# Seiko 5 Ploprof Homage



## thorpey69 (Feb 8, 2006)

This arrived back from the care of Howard (Strangetoo) at the weekend,i think he has done a great job,it was languishing somewhat reluctantly in the sales corner until Howard suggested a bit of a makeover,and so the "Seikplof" was born,originally an Atlas hence the now unused crown on the left,the hands have been changed for a set of Plongeur style with a 60 minute bezel insert and sterile inner bezel along with the Ploprof style dial,all in all a worthwhile change in my opinion,currently wearing it on a black Rhino until a nice bit of rustic leather arrives.  .ps Howard your photography skills will probably do the watch more justice than mine.


----------



## thunderbolt (May 19, 2007)

Very nice indeed. Like it a lot .


----------



## minkle (Mar 17, 2008)

Very nice :yes:


----------



## mrteatime (Oct 25, 2006)

very cool...like that a lot......


----------



## rev (Oct 12, 2007)

Nice very nice!

Always good work from Howard!


----------



## Stanford (Feb 10, 2007)

Looks great - the crown on the left is actually a stealth device, isn't it h34r: :lol:


----------



## PhilM (Nov 5, 2004)

That's a nics mod of Howards, as for the pics there alright


----------



## Guest (May 8, 2008)

Wicked job :tongue2:


----------



## Stuart Davies (Jan 13, 2008)

Superb Thorpey - H does it again


----------



## Barryboy (Mar 21, 2006)

Quite truthfully I don't like modded Seikos, especially one I saw the other day with a '5' dial on it.....

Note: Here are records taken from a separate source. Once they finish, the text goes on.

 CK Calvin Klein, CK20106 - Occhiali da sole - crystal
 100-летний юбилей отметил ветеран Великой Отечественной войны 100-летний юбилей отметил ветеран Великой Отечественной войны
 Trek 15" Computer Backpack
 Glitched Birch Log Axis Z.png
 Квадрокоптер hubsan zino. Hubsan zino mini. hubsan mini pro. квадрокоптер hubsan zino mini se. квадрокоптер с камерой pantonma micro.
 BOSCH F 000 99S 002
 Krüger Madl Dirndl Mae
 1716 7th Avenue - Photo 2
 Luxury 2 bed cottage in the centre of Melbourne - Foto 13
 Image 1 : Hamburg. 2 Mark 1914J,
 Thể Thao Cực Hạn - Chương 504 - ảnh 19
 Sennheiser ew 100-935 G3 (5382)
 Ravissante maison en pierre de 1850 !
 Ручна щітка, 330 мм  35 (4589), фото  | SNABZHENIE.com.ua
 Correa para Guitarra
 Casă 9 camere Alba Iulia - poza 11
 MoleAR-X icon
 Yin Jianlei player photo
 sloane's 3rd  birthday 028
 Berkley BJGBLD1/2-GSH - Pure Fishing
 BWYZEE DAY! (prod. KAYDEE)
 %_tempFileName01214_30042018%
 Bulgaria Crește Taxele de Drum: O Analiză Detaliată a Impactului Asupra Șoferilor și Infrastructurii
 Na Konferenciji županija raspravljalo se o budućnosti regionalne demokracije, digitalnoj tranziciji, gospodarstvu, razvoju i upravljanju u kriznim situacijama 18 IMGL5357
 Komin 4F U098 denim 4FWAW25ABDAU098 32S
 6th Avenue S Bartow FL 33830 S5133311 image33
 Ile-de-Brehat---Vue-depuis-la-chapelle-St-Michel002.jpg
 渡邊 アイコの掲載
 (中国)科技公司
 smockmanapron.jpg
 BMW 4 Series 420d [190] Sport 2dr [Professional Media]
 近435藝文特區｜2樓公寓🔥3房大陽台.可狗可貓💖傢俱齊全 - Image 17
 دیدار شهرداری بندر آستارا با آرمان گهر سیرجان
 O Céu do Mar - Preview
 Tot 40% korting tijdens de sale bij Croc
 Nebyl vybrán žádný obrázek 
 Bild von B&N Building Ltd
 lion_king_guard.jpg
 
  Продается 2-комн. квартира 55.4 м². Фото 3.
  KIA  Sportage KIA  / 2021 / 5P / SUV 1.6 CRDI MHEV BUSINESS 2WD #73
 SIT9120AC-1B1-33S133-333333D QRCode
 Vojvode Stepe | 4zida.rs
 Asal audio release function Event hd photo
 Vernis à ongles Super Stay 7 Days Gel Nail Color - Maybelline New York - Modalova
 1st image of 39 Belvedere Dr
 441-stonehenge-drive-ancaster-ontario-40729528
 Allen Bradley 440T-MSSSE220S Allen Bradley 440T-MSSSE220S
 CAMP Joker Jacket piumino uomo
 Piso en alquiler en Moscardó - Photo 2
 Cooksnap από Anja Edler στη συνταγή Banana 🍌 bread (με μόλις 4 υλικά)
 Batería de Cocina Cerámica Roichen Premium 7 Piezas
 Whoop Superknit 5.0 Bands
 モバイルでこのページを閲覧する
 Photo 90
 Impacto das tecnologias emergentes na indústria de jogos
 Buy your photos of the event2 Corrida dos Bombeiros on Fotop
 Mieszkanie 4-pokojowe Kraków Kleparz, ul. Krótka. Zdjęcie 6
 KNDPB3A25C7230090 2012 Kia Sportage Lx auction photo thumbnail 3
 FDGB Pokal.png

However this one is far classier than most you see and hats off to the person who designed it as well as the builder. Now if the dial were orange I should imagine these would sell strongly.

Rob


----------



## bornentertainer (Jan 17, 2008)

I like it!

It looks like a proper divers watch, more a tool than jewelery 10/10


----------